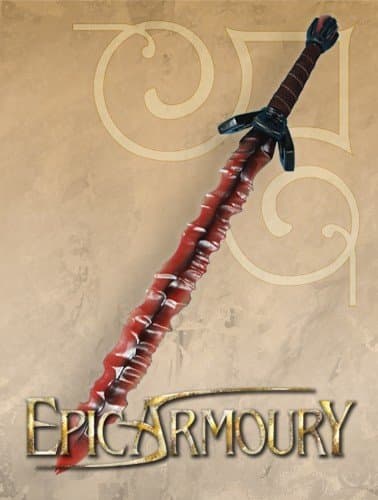 Hellfire – Epic Armoury – 90cm – Live Rollespils Sværd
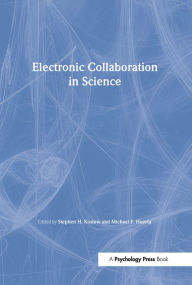 Title: Electronic Collaboration in Science, Author: Stephen H. Koslow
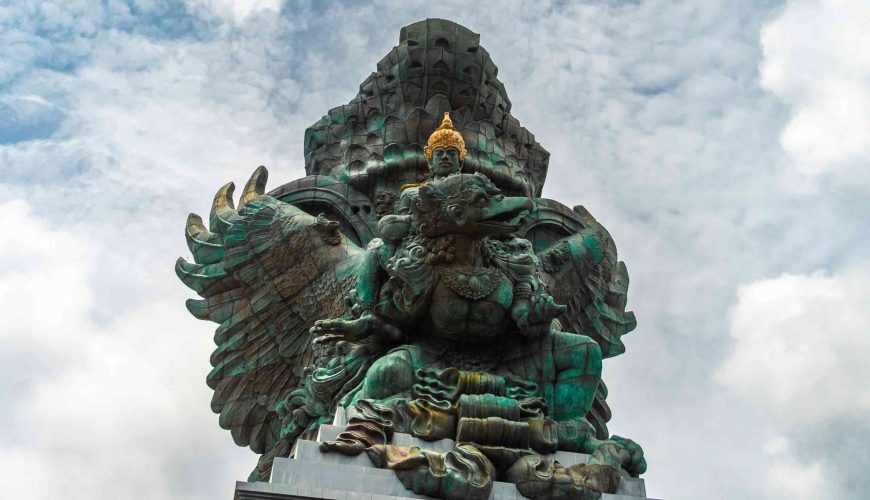 Garuda WIsnu Kencana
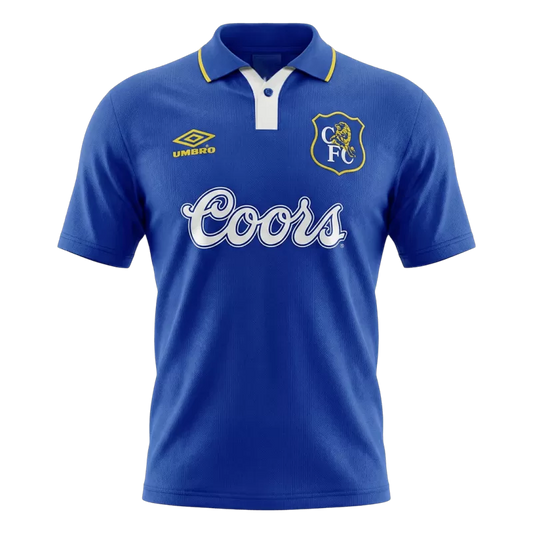 Retro Jersey Chelsea Home 95/97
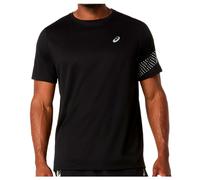 Asics - Icon S/S Top - Maglia da corsa M nero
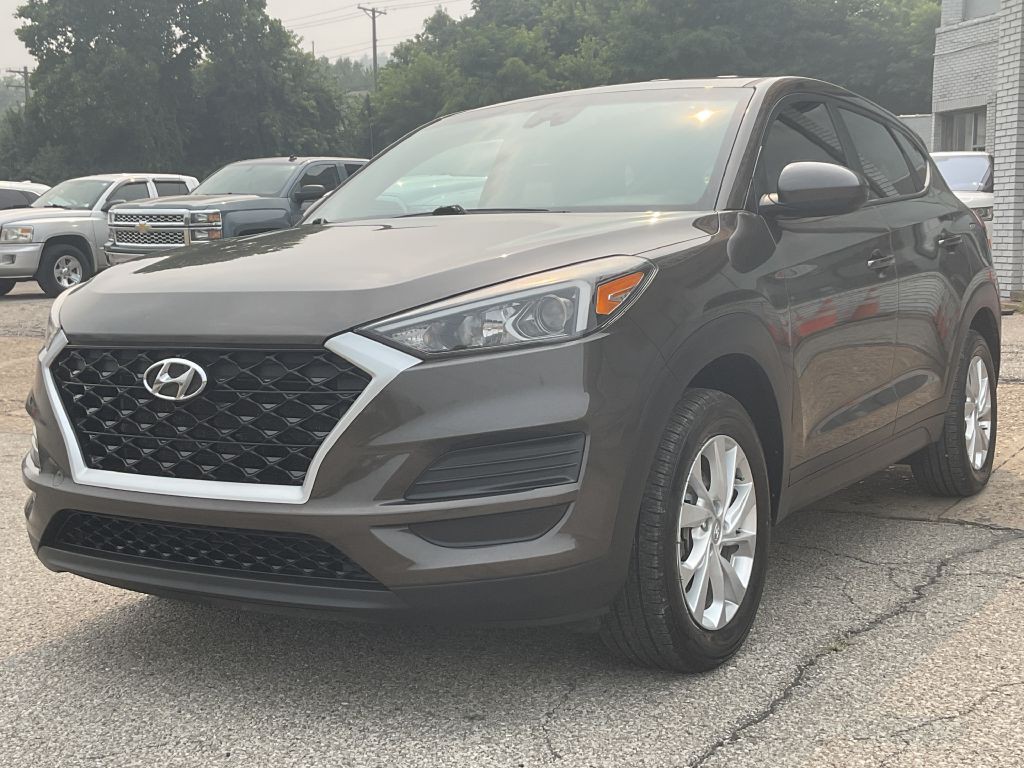 2019 Hyundai Tucson Image 5
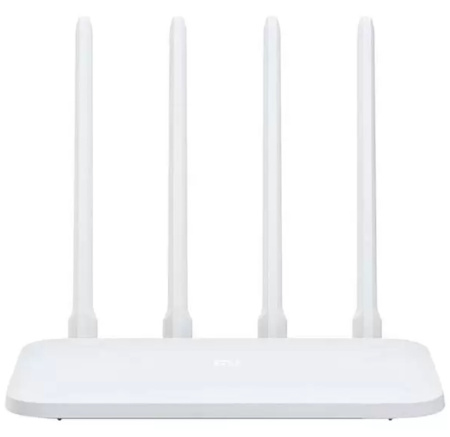Беспроводной роутер Xiaomi Mi Router 4C White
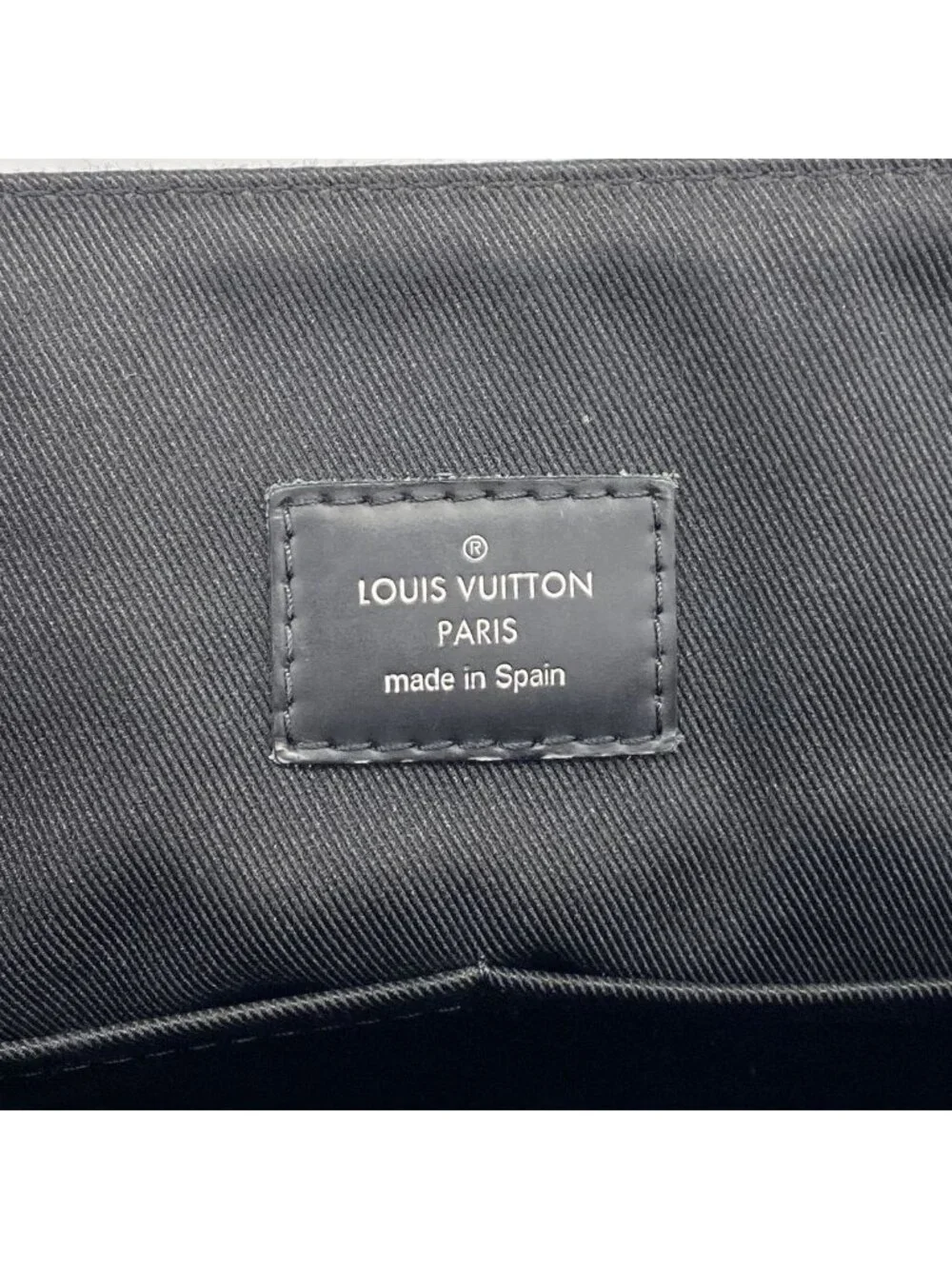 Louis Vuitton this authentic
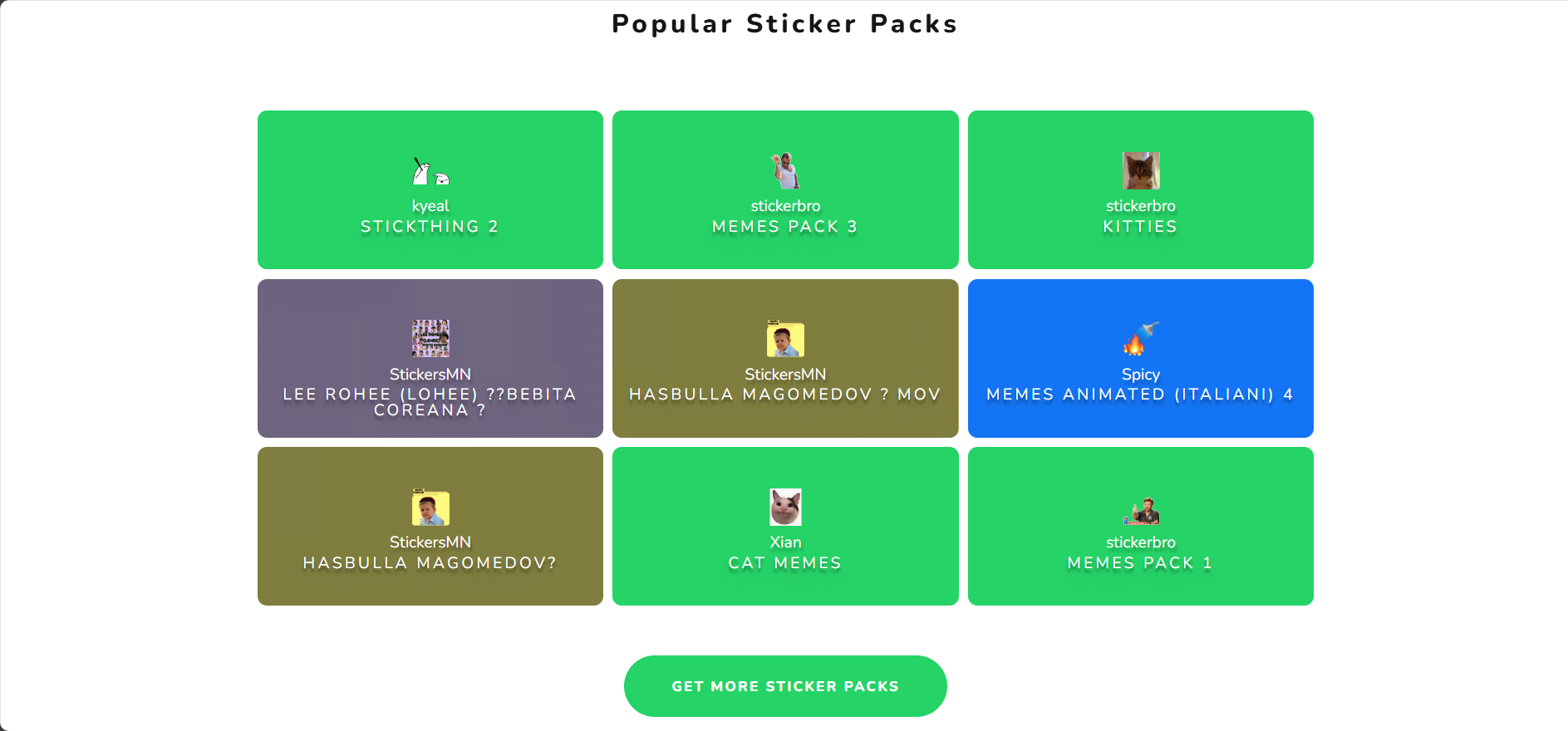 autocolant pentru WhatsApp amuzant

* * *

Word for word, retype the lines from the one that contains "Garuda WIsnu Kencana" through the final line of the data, both ends included, excluding pictures.

 Garuda WIsnu Kencana
 Retro Jersey Chelsea Home 95/97
 Asics - Icon S/S Top - Maglia da corsa M nero
 2019 Hyundai Tucson Image 5
Беспроводной роутер Xiaomi Mi Router 4C White
 Louis Vuitton this authentic
 autocolant pentru WhatsApp amuzant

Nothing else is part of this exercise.